A few months ago, our neighbors Nina and Charlie asked if we were going to the informational meeting regarding the diocesan pilgrimage to Italy. At first, Marie and I were lukewarm to the idea; we had been to Italy on tours in the past. But after the informational meeting and much discussion, we decided to give it a go.

Fast forward to the pre-departure dinner at Our Lady of Peace: One of Father Ted Marconi’s comments that night stayed with me. He said, “Go to confession before you leave and I tell you, when you come back, you will see things in a different light.”

Boy was he right! This message is so simple: Clear your soul of any transgressions and you open a path for the Holy Spirit to enter.

The pilgrimage included visits to many religious sites, but just as important were the daily Masses we attended, sometimes in local parish churches. I found these to be important highlights of the pilgrimage. I was honored—no, humbled—when I was asked to do a reading at the Mass we celebrated at the Duomo in Florence. Father Ted’s message was starting to work on me. Being at the lectern in the cathedral of Florence really hit me hard. It is a moment I shall never forget.

The next day it was on to Siena and Assisi. Assisi will always be something special to both me and my wife. Both of us went on the trip with special intentions. Suffice it to say they were heard.

During our private Mass at the tomb of St Francis, Father Ed Lohse’s homily said in so many words that we all are called to action. He hit a nerve with me and I fell into deep prayer. I have had the pleasure of being a catechist for confirmation candidates in the past. At that moment, I knew I had to carry on that ministry in some fashion.

The pilgrimage ended in Rome. Seeing Pope Francis in St. Peter’s Square was phenomenal. What a great faith we have! There we were in a crowd of 80,000 people from all over the world, but we were one body, gathered to see our leader at the seat of our faith. I’ve got to believe not everyone there was Catholic. It made me think of the line in the Apostles Creed that says “one, holy, catholic, and apostolic church.” The use of the word catholic here means universal. Christ came for all. This moment swelled my heart.

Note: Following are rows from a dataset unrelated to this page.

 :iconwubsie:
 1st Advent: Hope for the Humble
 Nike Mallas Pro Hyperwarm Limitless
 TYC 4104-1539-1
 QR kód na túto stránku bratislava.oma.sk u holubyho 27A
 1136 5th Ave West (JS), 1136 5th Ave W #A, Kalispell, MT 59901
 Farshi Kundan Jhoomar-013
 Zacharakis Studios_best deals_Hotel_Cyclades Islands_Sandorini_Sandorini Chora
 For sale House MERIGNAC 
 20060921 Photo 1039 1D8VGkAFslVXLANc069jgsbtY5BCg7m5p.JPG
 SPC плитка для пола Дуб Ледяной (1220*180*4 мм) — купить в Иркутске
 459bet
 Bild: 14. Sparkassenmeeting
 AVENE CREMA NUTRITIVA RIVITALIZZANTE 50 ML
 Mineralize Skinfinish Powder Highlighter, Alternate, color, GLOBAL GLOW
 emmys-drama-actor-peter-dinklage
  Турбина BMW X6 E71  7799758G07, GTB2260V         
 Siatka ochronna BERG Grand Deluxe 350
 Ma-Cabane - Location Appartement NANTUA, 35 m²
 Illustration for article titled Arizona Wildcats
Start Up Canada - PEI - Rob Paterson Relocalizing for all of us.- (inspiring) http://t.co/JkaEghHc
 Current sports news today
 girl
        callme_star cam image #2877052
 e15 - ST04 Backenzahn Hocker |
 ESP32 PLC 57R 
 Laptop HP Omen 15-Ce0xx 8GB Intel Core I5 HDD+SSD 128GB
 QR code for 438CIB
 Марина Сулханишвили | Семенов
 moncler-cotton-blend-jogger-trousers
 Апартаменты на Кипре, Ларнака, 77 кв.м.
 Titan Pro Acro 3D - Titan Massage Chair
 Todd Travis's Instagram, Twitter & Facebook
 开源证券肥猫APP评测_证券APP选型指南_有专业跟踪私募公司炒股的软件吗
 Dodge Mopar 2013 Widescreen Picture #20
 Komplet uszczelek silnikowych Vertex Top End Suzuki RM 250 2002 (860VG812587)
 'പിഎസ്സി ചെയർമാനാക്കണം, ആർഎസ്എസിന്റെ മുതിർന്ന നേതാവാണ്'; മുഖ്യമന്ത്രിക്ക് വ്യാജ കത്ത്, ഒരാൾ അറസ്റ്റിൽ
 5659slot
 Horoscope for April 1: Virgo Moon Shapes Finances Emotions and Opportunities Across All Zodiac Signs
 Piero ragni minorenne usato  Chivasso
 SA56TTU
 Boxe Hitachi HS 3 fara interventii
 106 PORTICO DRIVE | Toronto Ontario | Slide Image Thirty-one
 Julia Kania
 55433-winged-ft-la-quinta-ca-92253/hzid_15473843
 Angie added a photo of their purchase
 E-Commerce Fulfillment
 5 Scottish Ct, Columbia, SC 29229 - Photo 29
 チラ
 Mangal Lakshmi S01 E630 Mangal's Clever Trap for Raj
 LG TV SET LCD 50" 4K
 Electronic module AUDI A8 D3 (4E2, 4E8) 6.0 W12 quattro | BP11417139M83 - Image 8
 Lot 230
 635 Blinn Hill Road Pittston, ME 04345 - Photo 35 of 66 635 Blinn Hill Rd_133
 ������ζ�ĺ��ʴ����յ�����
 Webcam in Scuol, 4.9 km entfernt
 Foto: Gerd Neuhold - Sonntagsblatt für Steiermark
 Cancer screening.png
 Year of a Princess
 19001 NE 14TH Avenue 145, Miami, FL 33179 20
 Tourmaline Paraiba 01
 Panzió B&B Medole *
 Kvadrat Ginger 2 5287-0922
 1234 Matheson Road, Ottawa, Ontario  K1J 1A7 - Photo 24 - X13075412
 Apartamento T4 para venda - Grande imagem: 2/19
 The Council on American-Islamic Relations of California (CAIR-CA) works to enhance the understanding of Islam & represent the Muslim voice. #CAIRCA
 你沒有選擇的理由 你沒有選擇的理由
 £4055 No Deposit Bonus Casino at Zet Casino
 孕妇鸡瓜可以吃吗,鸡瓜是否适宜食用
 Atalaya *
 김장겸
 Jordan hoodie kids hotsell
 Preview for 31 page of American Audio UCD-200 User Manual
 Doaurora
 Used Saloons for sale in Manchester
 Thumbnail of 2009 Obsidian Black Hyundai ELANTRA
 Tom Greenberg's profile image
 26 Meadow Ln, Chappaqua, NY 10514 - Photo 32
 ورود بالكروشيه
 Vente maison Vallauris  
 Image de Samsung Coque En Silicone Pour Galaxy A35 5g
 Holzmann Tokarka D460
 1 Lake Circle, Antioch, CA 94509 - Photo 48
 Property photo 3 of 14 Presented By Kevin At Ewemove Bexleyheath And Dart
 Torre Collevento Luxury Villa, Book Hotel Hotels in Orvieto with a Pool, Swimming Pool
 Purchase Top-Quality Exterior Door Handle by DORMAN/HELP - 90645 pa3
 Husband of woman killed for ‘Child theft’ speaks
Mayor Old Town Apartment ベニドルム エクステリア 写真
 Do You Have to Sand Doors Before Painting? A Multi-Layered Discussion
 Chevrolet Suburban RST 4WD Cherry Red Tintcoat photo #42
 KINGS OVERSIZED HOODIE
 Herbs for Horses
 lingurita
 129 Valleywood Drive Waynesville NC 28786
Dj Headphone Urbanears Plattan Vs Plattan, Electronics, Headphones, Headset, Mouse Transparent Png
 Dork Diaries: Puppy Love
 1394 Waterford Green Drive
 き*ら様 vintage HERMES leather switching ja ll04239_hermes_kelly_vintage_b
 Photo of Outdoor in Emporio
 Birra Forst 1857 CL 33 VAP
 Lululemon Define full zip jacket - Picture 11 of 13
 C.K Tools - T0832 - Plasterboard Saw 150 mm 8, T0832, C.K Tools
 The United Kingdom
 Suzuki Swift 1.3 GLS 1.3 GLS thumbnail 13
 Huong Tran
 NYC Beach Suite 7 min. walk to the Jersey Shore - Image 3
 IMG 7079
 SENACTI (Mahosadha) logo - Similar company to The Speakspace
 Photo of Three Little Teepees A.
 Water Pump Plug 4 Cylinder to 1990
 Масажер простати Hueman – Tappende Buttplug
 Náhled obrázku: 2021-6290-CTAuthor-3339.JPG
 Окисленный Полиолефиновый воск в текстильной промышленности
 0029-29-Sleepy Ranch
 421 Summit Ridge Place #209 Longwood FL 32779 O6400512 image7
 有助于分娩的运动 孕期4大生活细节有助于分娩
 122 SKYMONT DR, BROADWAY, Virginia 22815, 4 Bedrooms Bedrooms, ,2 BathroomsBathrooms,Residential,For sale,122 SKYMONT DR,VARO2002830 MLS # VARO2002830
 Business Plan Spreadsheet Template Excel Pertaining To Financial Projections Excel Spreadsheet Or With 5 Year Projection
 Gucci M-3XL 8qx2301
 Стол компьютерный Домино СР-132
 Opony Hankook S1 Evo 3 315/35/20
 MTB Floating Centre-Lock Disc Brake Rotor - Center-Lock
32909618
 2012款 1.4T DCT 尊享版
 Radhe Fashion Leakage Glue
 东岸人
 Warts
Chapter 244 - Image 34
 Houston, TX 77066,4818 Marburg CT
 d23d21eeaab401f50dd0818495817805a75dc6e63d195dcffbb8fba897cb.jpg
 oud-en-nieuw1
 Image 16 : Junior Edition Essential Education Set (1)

The pilgrimage did its job. It was a call to action. Now that some time has elapsed, I have decided to respond to my own call to action, launching a blog in which I will share thoughts, especially for young people, about what my faith means to me. Visit www.ErieRCD.org for the link. Hope to see you there!  A.M.D.G.

Editor’s note:  A.M.D.G stands for ad majorem Dei gloriam, for the greater glory of God. It is the Latin motto of the Jesuits, who had a profound impact on Frank Sciccatano during his formative years. Frank and Marie are long-time members of Holy Cross Parish in Fairview.